On Wed, 2005-05-18 at 14:18 +0200, Gerhard Haering wrote:
> In pysqlite, I need to keep track of the transaction state (in
> transaction/not in transaction).  To handle ON CONFLICT ROLLBACK in
> pysqlite correctly, I need to be able to query the transaction state.
> 
> As I see it, that's currently not possible. Am I mistaken?
> 
> Otherwise, could you please implement a fast way to get the transaction
> state, like an additional API call?
> 

Determining whether or not SQLite is in a transaction is more
difficult than it sounds.  Consider a case where you have a 
main database and an attached database:

    ATTACH DATABASE 'aux.db' AS aux;

Then you do a statement like the following that contains
a user-defined function:

   INSERT INTO table1 SELECT user_function(x) FROM table2;

Because this is an INSERT statement, SQLite automatically
starts a transaction on the main database but not on the
aux database.  It would have also started a transaction on
the aux database had the aux database been used, but aux
is not being used so it leaves it alone.  Suppose the 
implementation of user_function() calls the routine that
asks whether or not SQLite is within a transaction.  On
database is, the other is not.  What does the API return?

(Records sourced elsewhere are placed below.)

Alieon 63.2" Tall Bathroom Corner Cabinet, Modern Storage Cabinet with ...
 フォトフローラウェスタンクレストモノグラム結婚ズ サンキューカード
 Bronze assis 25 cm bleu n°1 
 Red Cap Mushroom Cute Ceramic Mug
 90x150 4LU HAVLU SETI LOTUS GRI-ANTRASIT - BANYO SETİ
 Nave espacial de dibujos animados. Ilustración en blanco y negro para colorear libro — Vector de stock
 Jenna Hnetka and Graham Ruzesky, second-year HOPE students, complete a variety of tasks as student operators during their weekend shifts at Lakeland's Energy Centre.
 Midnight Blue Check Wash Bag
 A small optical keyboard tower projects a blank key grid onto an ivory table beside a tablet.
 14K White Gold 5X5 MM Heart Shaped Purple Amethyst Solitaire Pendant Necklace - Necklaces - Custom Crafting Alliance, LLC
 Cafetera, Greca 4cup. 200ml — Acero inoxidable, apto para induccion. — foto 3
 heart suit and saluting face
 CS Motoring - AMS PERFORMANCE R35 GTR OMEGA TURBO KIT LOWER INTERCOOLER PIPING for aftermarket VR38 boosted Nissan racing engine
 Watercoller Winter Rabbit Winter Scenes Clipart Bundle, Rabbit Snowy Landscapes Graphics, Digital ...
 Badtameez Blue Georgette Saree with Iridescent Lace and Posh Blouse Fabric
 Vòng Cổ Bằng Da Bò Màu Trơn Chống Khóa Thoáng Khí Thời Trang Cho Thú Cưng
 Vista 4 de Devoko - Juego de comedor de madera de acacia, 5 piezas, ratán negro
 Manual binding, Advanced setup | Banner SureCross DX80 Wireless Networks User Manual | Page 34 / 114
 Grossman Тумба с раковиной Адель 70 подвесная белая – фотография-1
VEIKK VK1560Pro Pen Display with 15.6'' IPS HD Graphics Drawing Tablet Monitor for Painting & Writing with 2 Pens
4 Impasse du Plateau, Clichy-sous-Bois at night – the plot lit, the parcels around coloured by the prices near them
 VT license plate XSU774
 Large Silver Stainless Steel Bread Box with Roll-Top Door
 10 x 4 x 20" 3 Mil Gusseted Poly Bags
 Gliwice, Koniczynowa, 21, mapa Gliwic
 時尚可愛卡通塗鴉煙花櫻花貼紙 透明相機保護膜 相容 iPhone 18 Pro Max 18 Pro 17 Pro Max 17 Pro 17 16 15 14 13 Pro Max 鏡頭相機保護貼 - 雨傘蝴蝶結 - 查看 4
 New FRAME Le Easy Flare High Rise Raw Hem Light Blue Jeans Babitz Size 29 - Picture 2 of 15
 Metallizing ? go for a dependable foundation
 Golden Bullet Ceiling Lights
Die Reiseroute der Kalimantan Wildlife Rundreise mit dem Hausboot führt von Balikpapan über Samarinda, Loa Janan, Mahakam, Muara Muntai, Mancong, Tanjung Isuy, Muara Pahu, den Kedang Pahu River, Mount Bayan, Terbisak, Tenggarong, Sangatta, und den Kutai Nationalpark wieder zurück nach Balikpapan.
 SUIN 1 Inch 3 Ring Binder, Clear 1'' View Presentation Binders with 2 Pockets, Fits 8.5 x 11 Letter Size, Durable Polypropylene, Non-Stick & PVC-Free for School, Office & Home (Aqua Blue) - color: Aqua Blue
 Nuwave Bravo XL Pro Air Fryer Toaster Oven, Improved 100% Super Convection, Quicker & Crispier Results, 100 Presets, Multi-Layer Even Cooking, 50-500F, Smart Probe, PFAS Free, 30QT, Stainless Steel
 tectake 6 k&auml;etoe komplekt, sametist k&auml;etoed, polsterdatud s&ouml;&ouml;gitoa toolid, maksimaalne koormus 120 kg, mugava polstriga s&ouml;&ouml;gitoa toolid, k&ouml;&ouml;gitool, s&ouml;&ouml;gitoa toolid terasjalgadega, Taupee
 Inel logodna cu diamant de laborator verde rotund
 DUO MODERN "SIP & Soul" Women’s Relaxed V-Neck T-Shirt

Let's dig further.  Issuing a BEGIN statement does not
start a transaction by itself.  BEGIN just signals to
SQLite to not do an autocommit.  The transaction does not
start until you do some other statement that requires the
transaction.  So we have:

    -- not in a transaction
   BEGIN;
    -- not in a transaction
   INSERT INTO table1 VALUES(1);
    -- in a transaction
   COMMIT;
    -- not in a transaction

On the other hand, BEGIN IMMEDIATE starts the transaction
right away rather than waiting for the first statement that
needs the transaction.

So the question of whether or not SQLite is within a transaction
is not as clear-cut as one would think at first.

Question:  Might it be that you really want to know if
SQLite is in auto-commit mode or not?  That is a very different
thing and is a much easier question to answer.